The crime has increased by more than 200 per cent in six years, Van Schalkwyk said.


Shared documents

He says catching the thieves is incredibly difficult as they pass themselves off as legitimate consumers very convincingly. Criminals use an ID, often changing the photo and open bank accounts, purchase on credit and apply for loans.

“People usually find out that they have become a victim of identity crime when they hear from a credit provider or debt collector about an account or debt they know nothing about,” Van Schalkwyk said.

Key advice is to treat your ID book, driver’s licence and personal documents as you would treat cash.

Do not leave them lying around the house or in the car.

Shred documents before tossing them in the bin and clear mailboxes regularly, particularly if you live in a housing complex where there are multiple mail boxes in one area.


Executive director of SAFPS, Manie van Schalkwyk

Phishing for loot

“Don’t ever click on web links received via SMS or e-mail unless you have initiated the transaction and you are comfortable that it has been sent from an authentic source.”

Consumers must also be on high alert when they receive an SMS or e-mail asking them to click on a link to update their personal information or account details – criminals use online methods commonly known as ‘phishing’ scams to gain access to bank account and personal details,” he said.

Consumers should be extra cautious about sharing their personal information, especially when applying for services online by always checking that the site is secure, as denoted by the ‘s’ (https) and select the appropriate privacy settings on social media sites.
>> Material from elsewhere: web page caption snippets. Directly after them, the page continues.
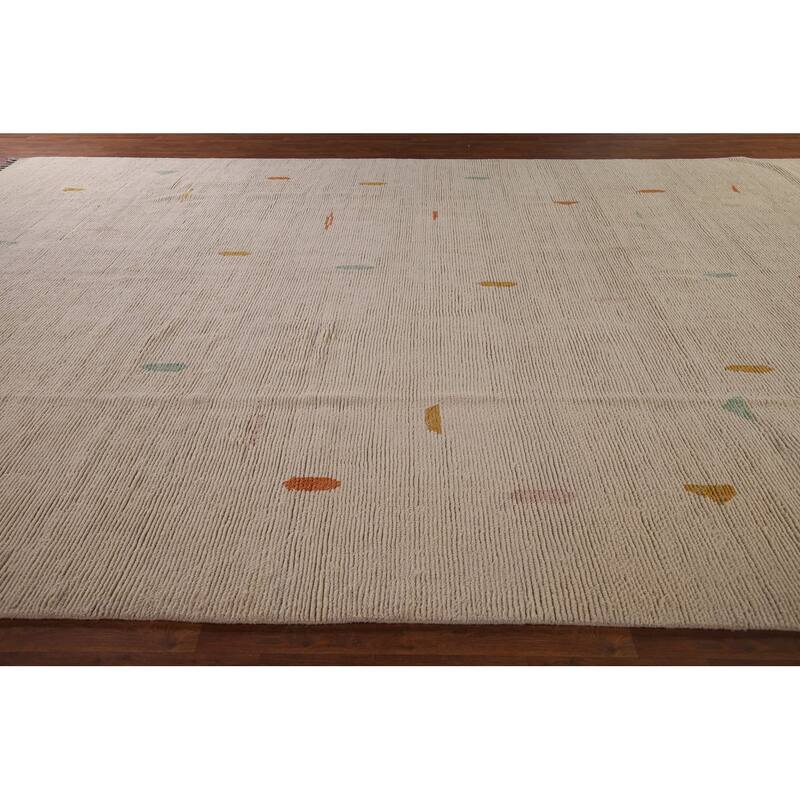 Ivory Palace Size Moroccan Oriental Area Rug Hand-Knotted Wool Carpet - 11'10"x 18'7"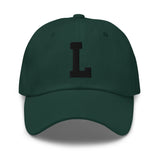 L Alphabet Varsity Letter Embroidered Dad Hat | Black Thread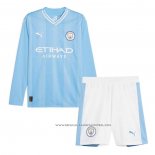 Camiseta Primera Manchester City 23-24 Nino Manga Larga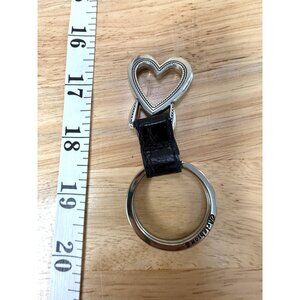Brighton Silver Heart Key Chain With Black Leather Accent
“Consumers also regularly fall victim to several types of advance fee fraud and often divulge their personal details in the hope of winning a prize in a competition that they never entered, or entering into business or investment relationships which seem too good to be true.”


What to do

If you suspect that you have been impersonated, Van Schalkwyk says, you need to contact the organisation which will advise you about the steps to take to prove your innocence and clear your name.

If you are aware of having misplaced your ID book, credit card or other means of identification you can contact SAFPS which will assist you in applying for a Protective Registration on the SAFPS database.

Van Schalkwyk said, “The benefit of Protective Registration is that all member organisations, including banks, clothing and furniture retailers and some insurance companies, have access to the SAFPS data base and any identity theft or fraud will be flagged and can be prevented.

This is a free service and consumers are encouraged to use it.”

To apply for Protective Registration (PR) victims can SMS the word “Protectid” to 43366 to be contacted; or call 011 867 2234 or 0860 101248 or email [email protected]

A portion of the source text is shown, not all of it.